Institutional investors worldwide continue to finance the coal industry with holdings totalling over $1.2trn, according to the Global Coal Exit List (GCEL) published today by a group of NGOs including Urgewald, Reclaim Finance, and 350.org Japan.

Blackrock tops the ranking among asset managers with the highest amount of bonds and shares holdings in coal companies, according to the report at $108.78bn, split into $9.84bn for bonds and $98.94bn for shares, followed by Vanguard with $101.11bn.

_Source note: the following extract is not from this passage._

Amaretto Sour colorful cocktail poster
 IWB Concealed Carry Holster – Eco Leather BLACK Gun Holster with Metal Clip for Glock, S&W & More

The Government Pension Investment Fund (GPIF) in Japan has $28.04bn invested in holdings in the coal industry, while the Government Pension Fund Global in Norway holds $14.17bn, Allianz $9.41bn and Legal & General $7.35bn, the list showed.

Among European pension funds the Dutch civil service scheme ABP invests $5.37bn in coal holdings, the scheme for healthcare workers PFZW invests $184m, while the pension fund for the metals sector and the technological industry PME invests $208m. Sweden’s AP7 and AP4 invest $177m and $215m, respectively, according to the research.

In total, the list shows 4,970 institutions holding a total of $228.36bn in bonds and $994.07bn in equities within the coal industry, but the “top two dozen investors” account for 46% of the total sum of $1.2trn, the NGOs said.

“It’s absolutely frightening to see that pension funds, asset managers, mutual funds and other institutional investors are still betting on coal companies in the midst of an existential climate crisis,” said Yann Louvel, policy analyst at Reclaim Finance.

GCEL country chart

Source: Urgewald

US investors account for almost 56% of investments in the global coal industry

He added: “No one should be fooled by BlackRock’s and Vanguard’s membership in the Net Zero Asset Managers Initiative. These two institutions have more responsibility for accelerating climate change than any other institutional investor worldwide.”

Companies included in the GCEL represent 90% of the thermal and coal production and coal-fired capacity globally.

The firms included in the list generate a share of revenues from coal and a share of power production from coal of 20% or more, produce annual thermal coal of 10 Mt per year or 5GW of coal-fired generation capacity and develop new coal mines, new coal-fired power plants and coal-related infrastructure.

The research – conducted by not-for-profit Profundo – sourced mainly the financial databases Bloomberg and Refinitiv, data from IJGlobal, and looked at data on investments in bonds and shares of pension funds.